▶ Task to carry out
Quote the data below in full, minus the images.

── Material for the task ──

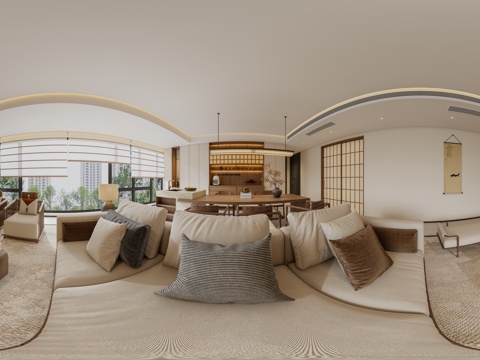 禅意新中式客餐厅全景 布艺沙发茶几组合 宋代美学 岛台餐桌椅
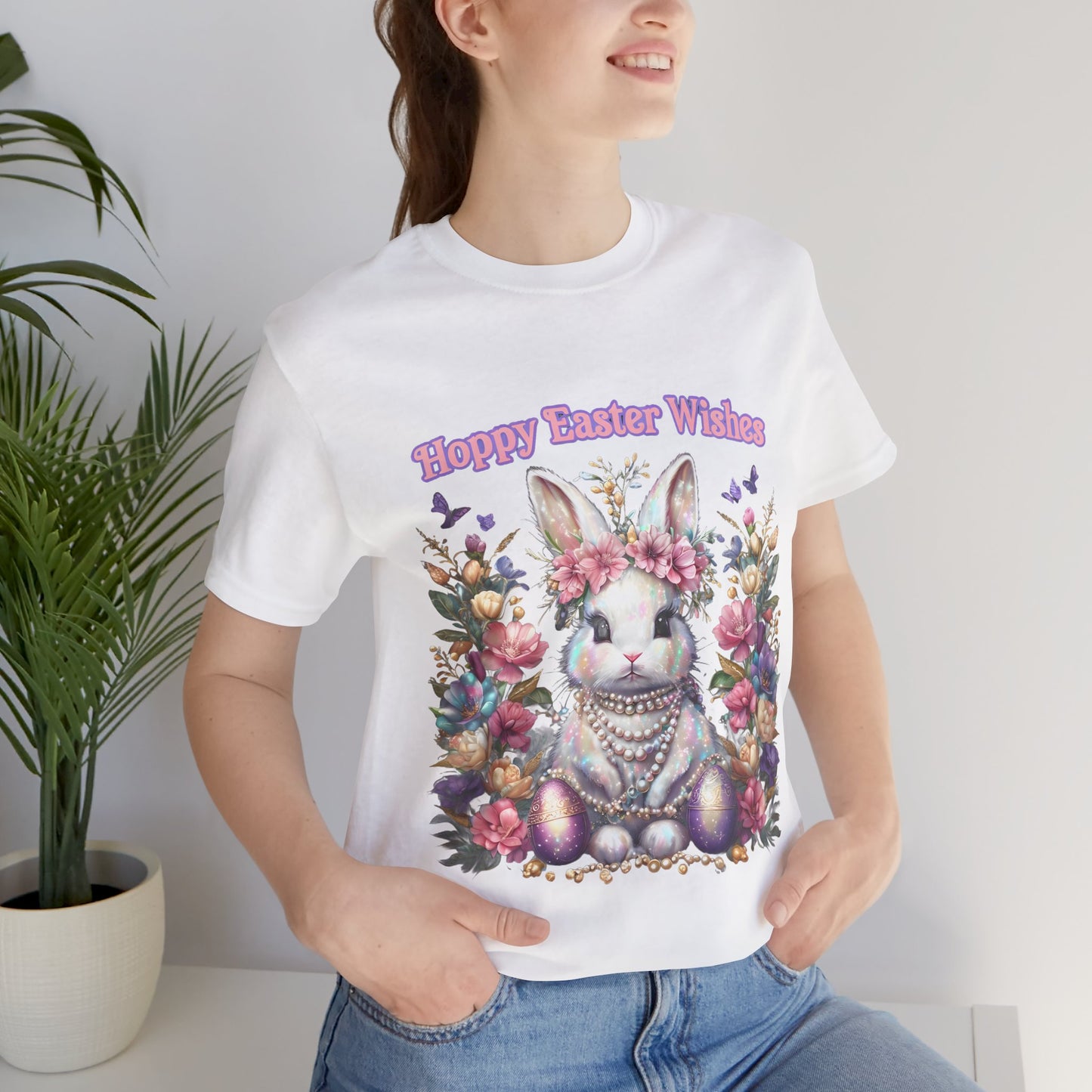 Hoppy Easter Wishes T-shirt, Easter Bunny Tee, Spring Rabbit Shirt, Unisex Jersey Top, Holiday Gift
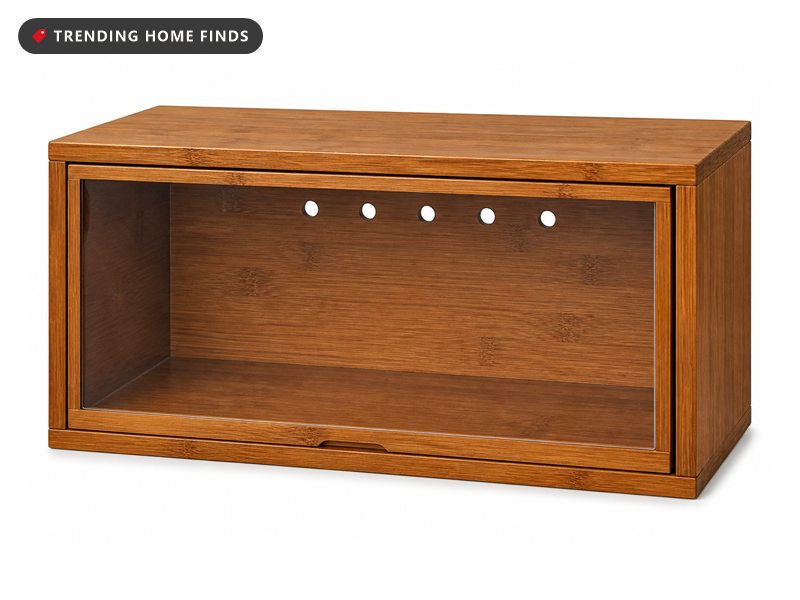 Rectangular bread box in warm brown bamboo with a clear flat front door panel and a plain flat top.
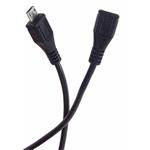 Predlžovací kábel PremiumCord microUSB 2.0 samec-samica, čierny 5 m
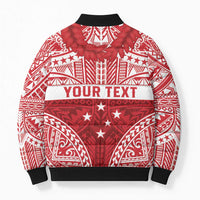 Personalised Toa Samoa Rugby Spirit Bomber Puffer Jacket Red Samoan Tribal Pattern - Polynesian Pride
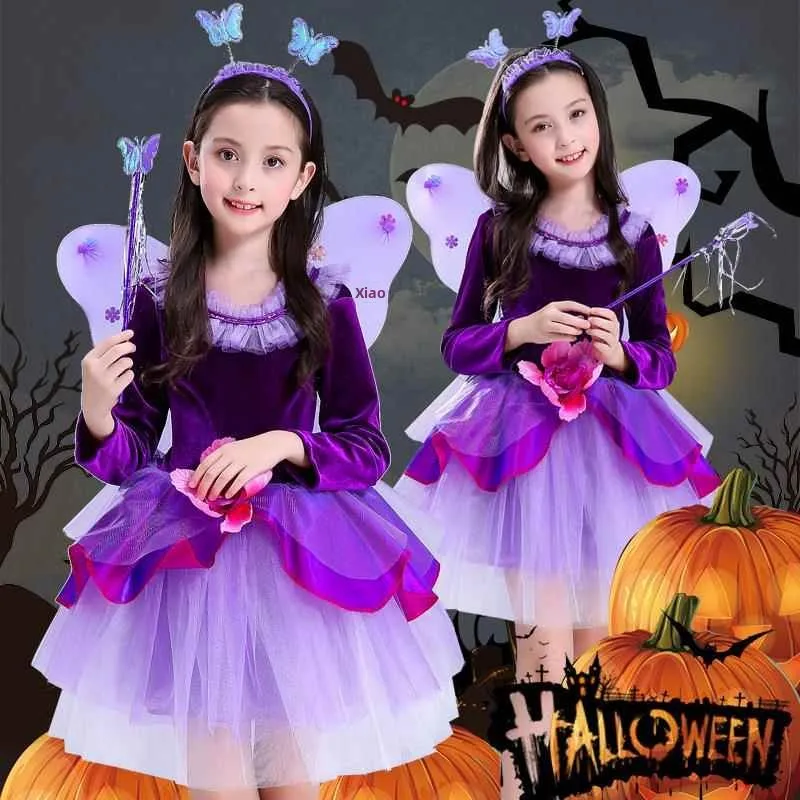 loween Children's Performance Costume Witch Girl Fairy  eup Dance Cosplay Performance Clothes Fem Toddler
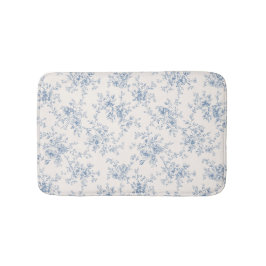 Alfombrilla De Baño Ramo Floral Toile Azul Crema Botánico Vintage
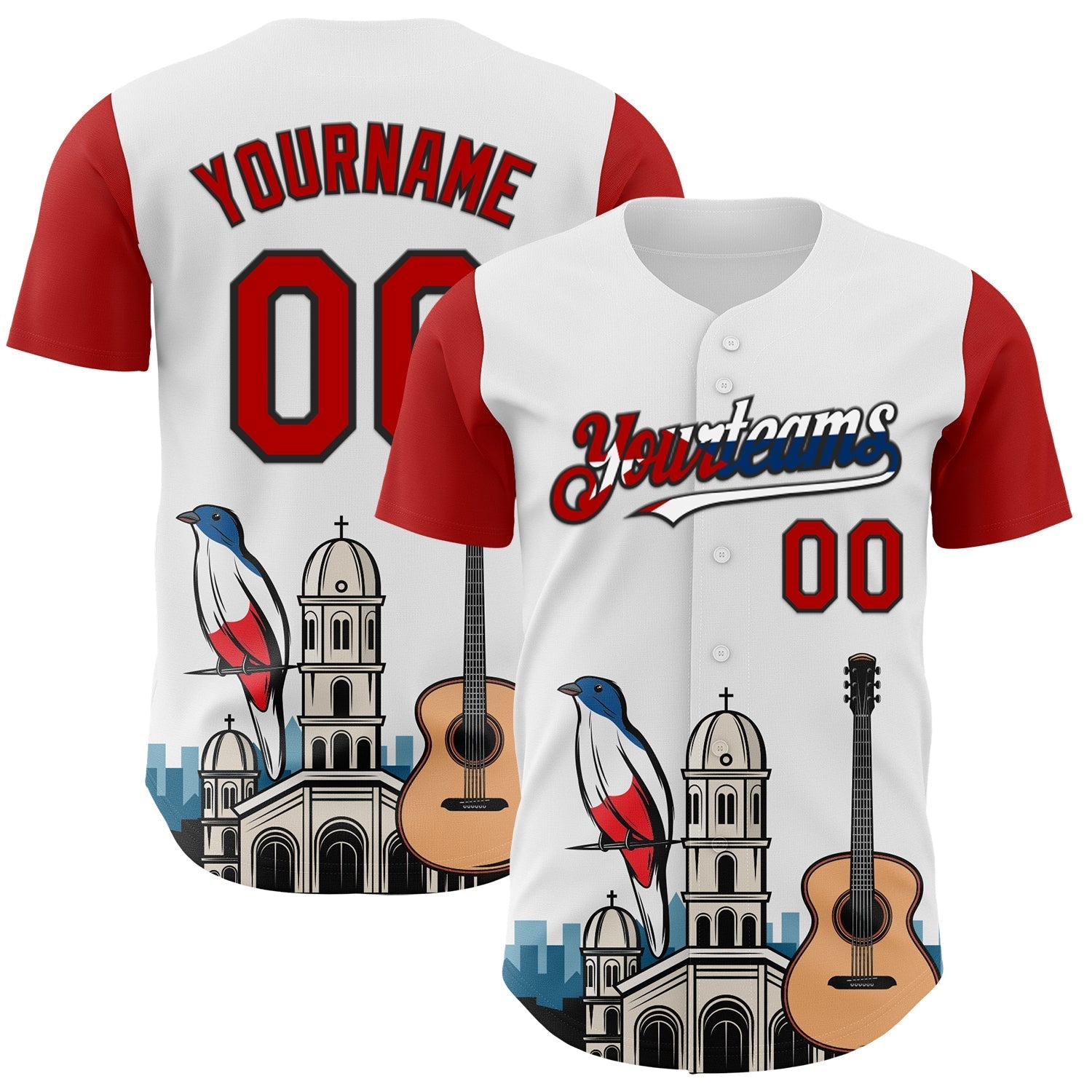 Custom White Red Black-Cuban Flag 3D Cuba Santiago Authentic Baseball Jersey baseball jersey product view 1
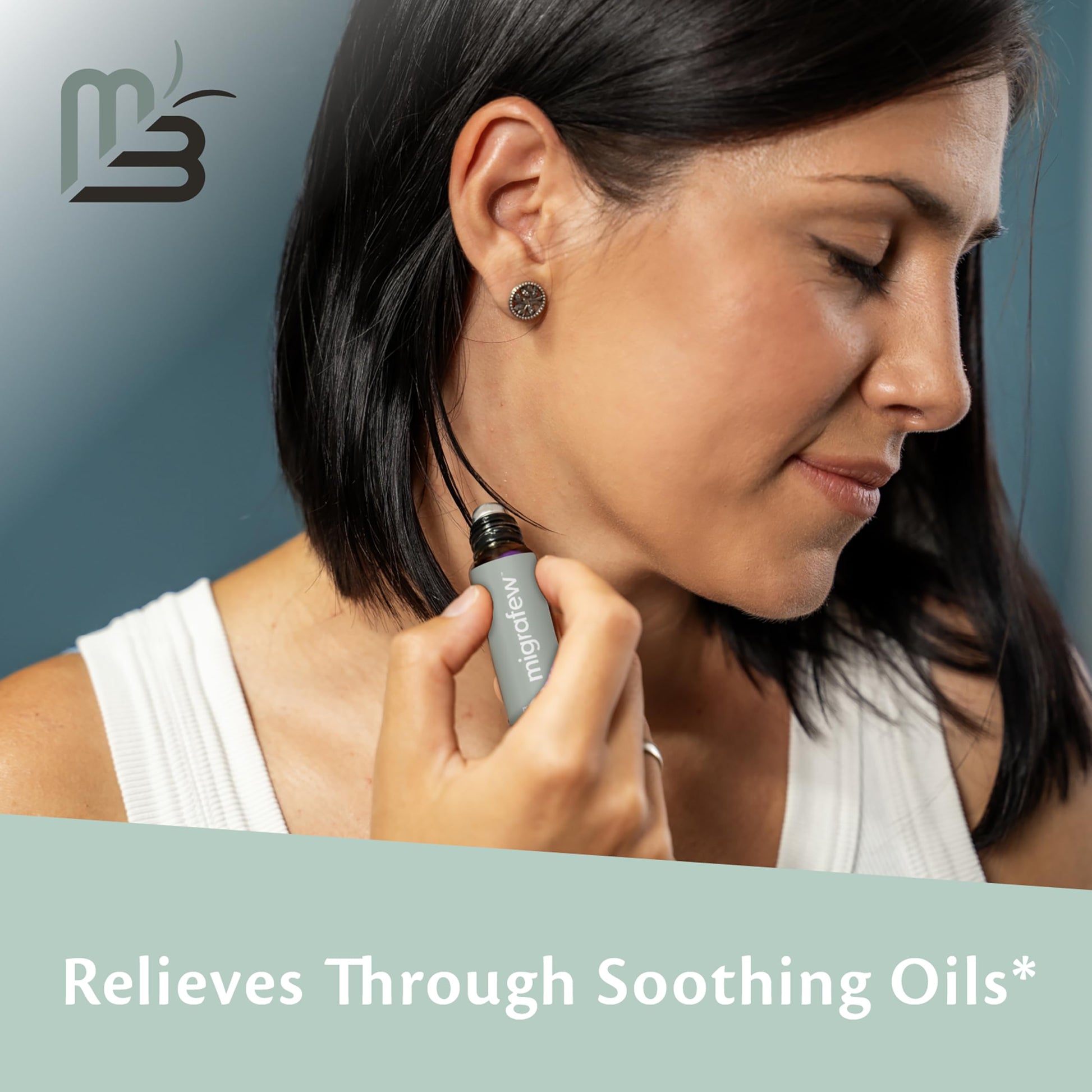MigraFew Aromatherapy Migraine Roll On | Compact Headache Relief with Cooling Metal Roller for Head Tension and Pressure, Made with Peppermint, Spearmint and Lavender Essential Oils (0.33 FL oz) by M3 M3 Naturals uk supplements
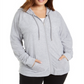 Calvin Klein Performance Plus Moletom com capuz feminino com zíper cinza tamanho 1X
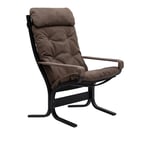 LK Hjelle - Siesta Classic High Black With Armrests Dunes 21001 Dark Brown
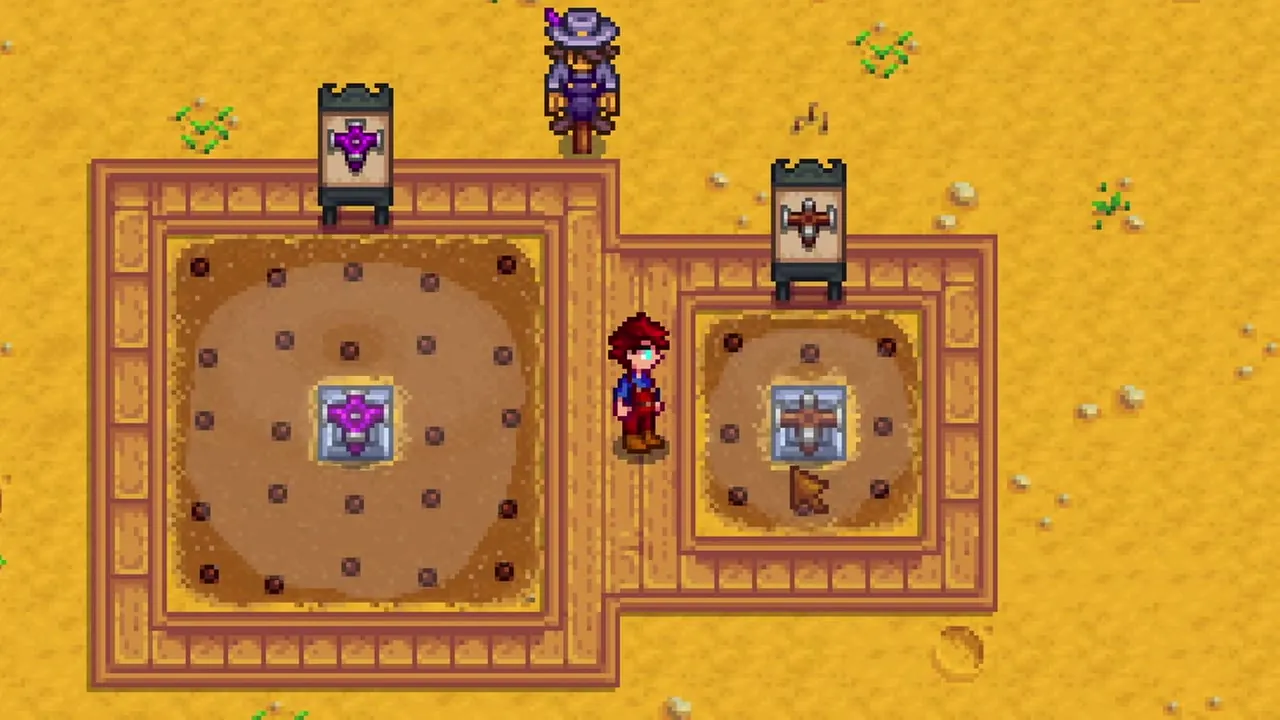 Stardew Valley: Two sprinkler layouts on the farm
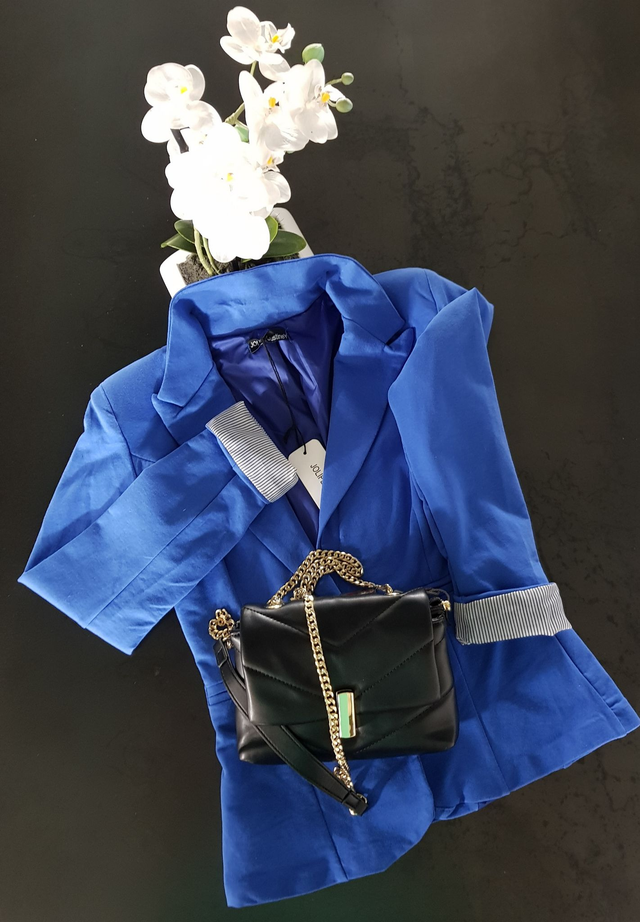 Veste blazer à épaulette Jolifly &amp; Justine Y Bleu roi Taille S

───

▶ Solution
 禅意新中式客餐厅全景 布艺沙发茶几组合 宋代美学 岛台餐桌椅
 Hoppy Easter Wishes T-shirt, Easter Bunny Tee, Spring Rabbit Shirt, Unisex Jersey Top, Holiday Gift
 Rectangular bread box in warm brown bamboo with a clear flat front door panel and a plain flat top.
 Predlžovací kábel PremiumCord microUSB 2.0 samec-samica, čierny 5 m
 Personalised Toa Samoa Rugby Spirit Bomber Puffer Jacket Red Samoan Tribal Pattern - Polynesian Pride
 loween Children's Performance Costume Witch Girl Fairy  eup Dance Cosplay Performance Clothes Fem Toddler
 Alfombrilla De Baño Ramo Floral Toile Azul Crema Botánico Vintage
 Custom White Red Black-Cuban Flag 3D Cuba Santiago Authentic Baseball Jersey baseball jersey product view 1
MigraFew Aromatherapy Migraine Roll On | Compact Headache Relief with Cooling Metal Roller for Head Tension and Pressure, Made with Peppermint, Spearmint and Lavender Essential Oils (0.33 FL oz) by M3 M3 Naturals uk supplements
 Calvin Klein Performance Plus Moletom com capuz feminino com zíper cinza tamanho 1X
 LK Hjelle - Siesta Classic High Black With Armrests Dunes 21001 Dark Brown
 Stardew Valley: Two sprinkler layouts on the farm
 Veste blazer à épaulette Jolifly &amp; Justine Y Bleu roi Taille S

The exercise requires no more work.